The investigation relates to PLN 770 million (around €181 million) in restructuring aid which was granted to Polish Regional Railways in September 2015 by Poland’s government.
EU rules state that companies in financial difficulty are only allowed to receive restructuring aid from the state once over the course of a 10-year period. The European Commission (EC) said its preliminary investigations showed that Polish Regional Railways had received support prior to the payment in 2015.
The investigation will consider whether this past state support should be classed as restructuring aid, whether Poland has sufficient measures in place to ensure restructuring aid doesn’t damage competition and whether Polish Regional Railways made a sufficient contribution to the restructuring costs.
Commissioner Margrethe Vestager, who is head of competition policy, said: “Polish Regional Railways has already benefitted from state support in the past.
“We need to assess whether the aid received is compatible with EU State aid rules and make sure that public support does not lead to distortions of competition in this market.”
The EC said the investigation would take into account differences with the Polish domestic passenger rail market to other economic sectors, namely that it is a market that hasn’t yet fully opened up to competition across the continent.

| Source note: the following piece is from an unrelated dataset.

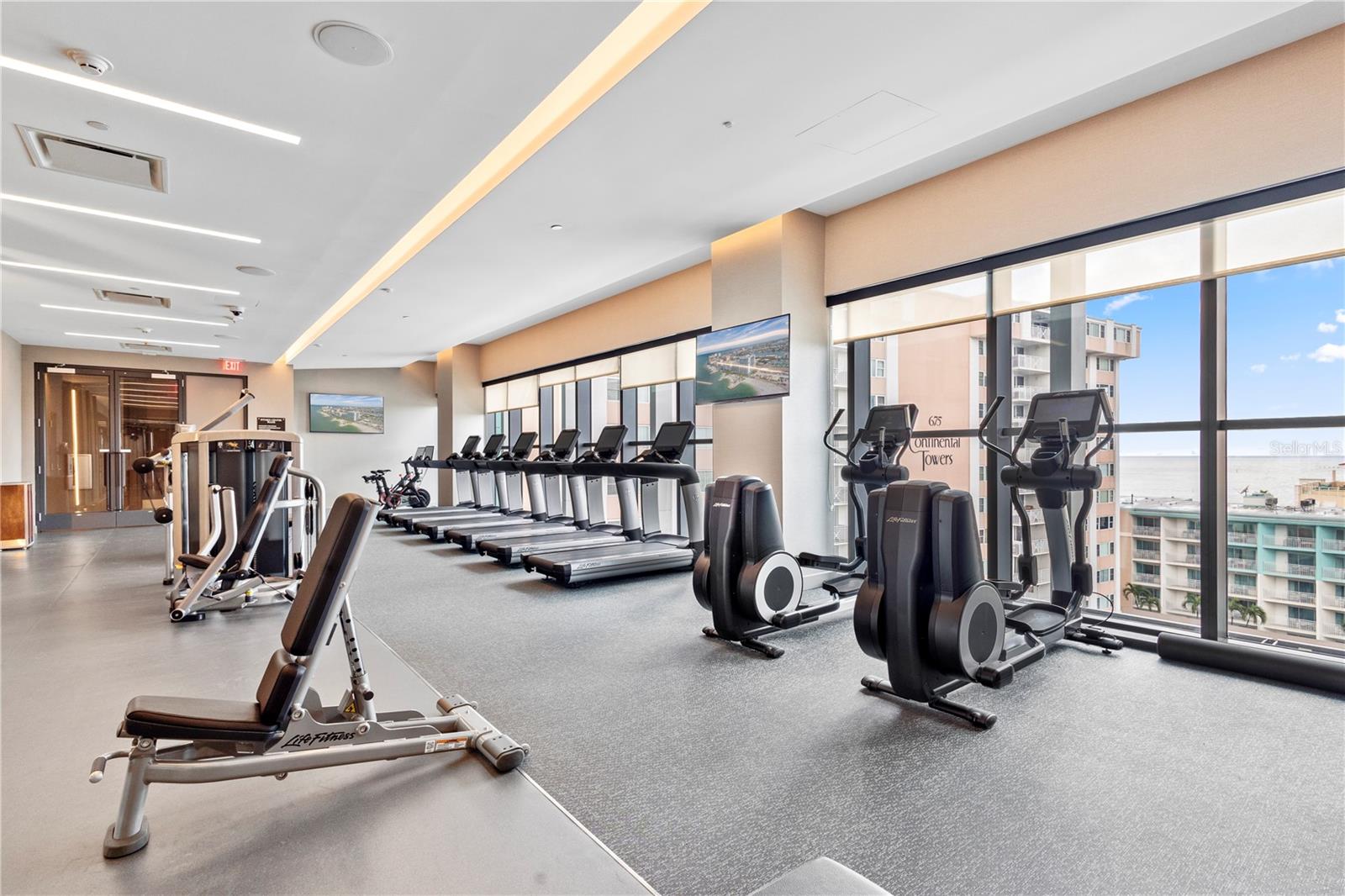 691 S GULFVIEW BLVD #1211, CLEARWATER BEACH, FL — photo 59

In response, Polish Regional Railways issued a statement explaining how the company has recorded profits in the past two years, having struggled financially since it was established in 2001.
Polish Regional Railways said it was now able to finance a major rolling stock modernisation programme to improve the quality of its service. It also referenced similar rail state aid investigations in Bulgaria and Greece. In both cases no breach of EU rule was found.